The following account of Capel-y-Llochwydd, from the pen of the late Bishop Stanley, will be of interest. (“Blackwood’s Magazine,” 1830.)
“A singular fissure, cleaved in a direct line from the summit to the base, forms, or rather did form, a passage of communication, of no small celebrity in ancient days, and retaining its odour of sanctity till a very recent date. It is known by the name of Ogof Llochwyd, ‘Ogof’ signifying a cave. A spring of crystal water, filtering through the deep strata, formed a deep well at the bottom of this chasm. Situated just at the higher opening of the gorge was a chapel for the accommodation of pilgrims, called Capel-y-Llochwyd, which name a considerable remnant of ruins at the head of the gorge still retains. Till within 60 years the lonely chapel and its well were from time unknown the resort of the lads and lassies of the island, who, at a certain annual festival called ‘Suliau-y-Creiriau’, or ‘The Sundays of the relics,’ corresponding to the wakes of the northern counties of England, and held during three successive Sundays in July, assembled in troops to ascertain the contingencies awaiting them. Each diviner into futurity descended the chasm to the well, and there, if after having taken a mouthful of holy water and grasped two handfuls of sand from the charmed font, he or she could accomplish the re-ascent with them safely, each would obtain the wish of their heart before the close of the year. About 60 years ago (1770) the chapel was reduced to ruins, and the well was concealed by filling it up with rubbish, but till twenty years ago (1810) the walls to the height of seven or eight feet remained sufficiently entire to convey a tolerable idea of the perfect building, which is represented to have been a substantial though rude and simple edifice, composed of unhewn stones, cemented with mortar, the windows and door-frames excepted, which were well wrought by the chisel, with considerable labour, from some very obdurate material, the whole apparently consisting of one chamber of oblong form not exceeding a few yards in length. Of the well, however, not a trace was left, though its existence was proved beyond a shadow of doubt, a few years ago, by a party who landed and at length succeeded in detecting the spot from which, after removing a quantity of sand and loose stones, again gushed the fountain of pure water in its pristine vigour and doubtless inherent virtues!”

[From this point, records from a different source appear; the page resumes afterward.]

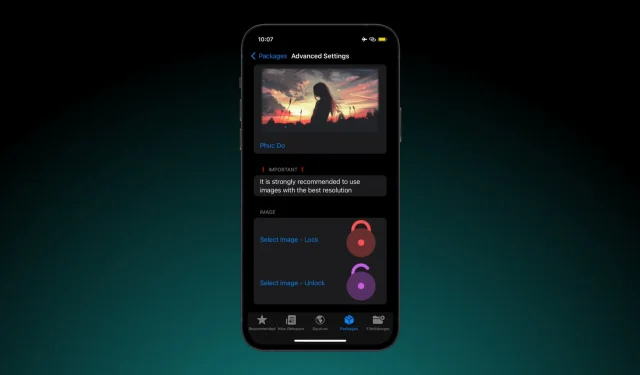 Cambie la apariencia del glifo del candado Face ID de su pantalla de bloqueo con Lock Icon Manager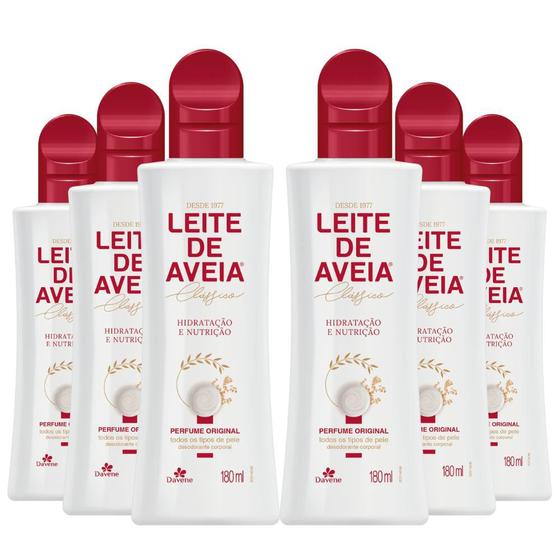 Imagem de Combo 10006 (6 x Hidratante Corporal Leite de Aveia Perfume Original 180ml)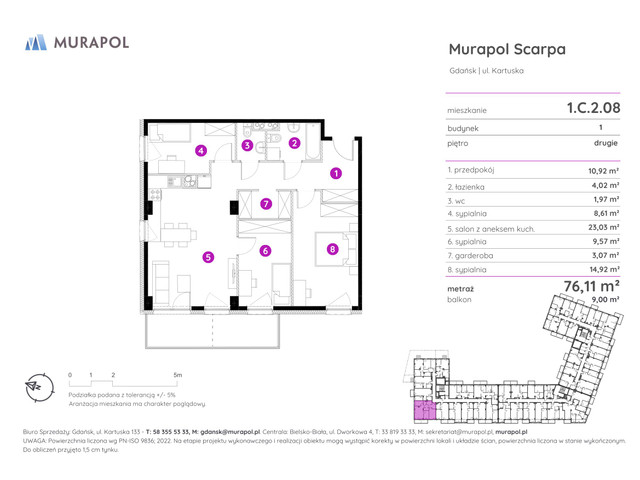 Mieszkanie w inwestycji Murapol Scarpa, symbol 1.C.2.08 » nportal.pl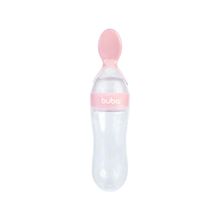 Colher Dosadora Infantil Em Silicone Buba 90ml Baby Rosa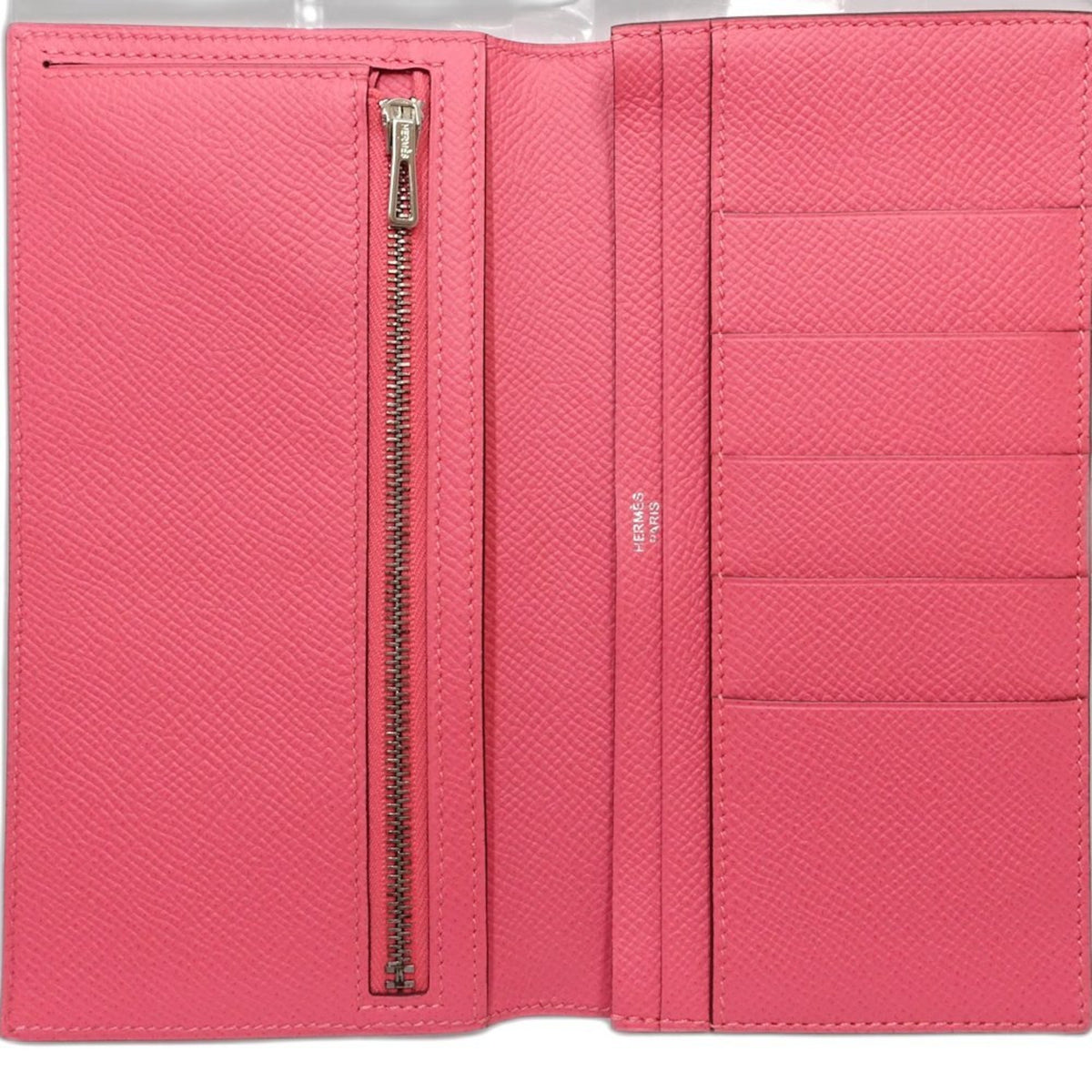 Hermes Pink Epsom Leather Long Wallet (Bi-Fold) (Pre-Owned)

Holyhead or St. Cybi became the centre for all these chapels, and there priests and holy men could assemble in conference and also preach the Word of God. “Most of these saints had their Nauddvan or Sanctuaries, in ancient times supported by certain tenures and lands which were held of neither Prince nor Lord, but of certain saints or patrons of churches calling themselves abbots. Of these there were seven in Anglesey that were entitled (in capite) to several tenures, viz.: St. Beuno, St. Cybi, St. Cadwallader, St. Peirio, St. Cyngar, St. Marcutus or Mechell, St. Elian, this last being largely endowed in land. These tenures were so bestowed in order that places of refuge or sanctuaries might be provided, and that the persons taking refuge therein might have their privileges and rights preserved and kept inviolate.” (See “Mona Antiqua.”)
After the dissolution of the monasteries the revenues of Holyhead, Bodedern, Llandrygarn, and Bodwrog parishes came to Dr. Thomas Gwynn, whose heir, about A.D. 1648, gave them to Jesus College, Oxford.